Resp. at 66, Pg. ID 66.) He claims—in general terms—that “his right to receive adequate
medical care, is being violated according to [MDOC] policies.” (Compl. at 2, Pg. ID 2.)
Doss-Bey argues that denial of his corrective eye surgery demonstrates deliberate
indifference toward his serious medical need in violation of the 8th Amendment’s
prohibition against cruel and unusual punishment. (Id.)

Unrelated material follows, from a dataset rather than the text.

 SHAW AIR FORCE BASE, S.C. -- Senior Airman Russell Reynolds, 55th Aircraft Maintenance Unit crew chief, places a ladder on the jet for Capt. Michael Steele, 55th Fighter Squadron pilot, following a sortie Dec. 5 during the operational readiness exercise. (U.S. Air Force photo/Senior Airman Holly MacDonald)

A motion to dismiss pursuant to Rule 12(b)(6) tests the legal sufficiency of the
complaint. RMI Titanium Co. v. Westinghouse Elec. Corp., 78 F.3d 1125, 1134 (6th Cir.
1996). Under Federal Rule of Civil Procedure 8(a)(2), a pleading must contain a “short
and plain statement of the claim showing that the pleader is entitled to relief.” To survive
a motion to dismiss, a complaint need not contain “detailed factual allegations,” but it
must contain more than “labels and conclusions” or “a formulaic recitation of the
elements of a cause of action . . ..” Bell Atlantic Corp. v. Twombly, 550 U.S. 544, 555
(2007). A complaint does not “suffice if it tenders ‘naked assertions’ devoid of ‘further
2
factual enhancement.’” Ashcroft v. Iqbal, 556 U.S. 662, 678 (2009) (quoting Twombly,
550 U.S. at 557).
As the Supreme Court provided in Iqbal and Twombly, “[t]o survive a motion to
dismiss, a complaint must contain sufficient factual matter, accepted as true, to ‘state a
claim to relief that is plausible on its face.’” Id. (quoting Twombly, 550 U.S. at 570). “A
claim has facial plausibility when the plaintiff pleads factual content that allows the court
to draw the reasonable inference that the defendant is liable for the misconduct alleged.”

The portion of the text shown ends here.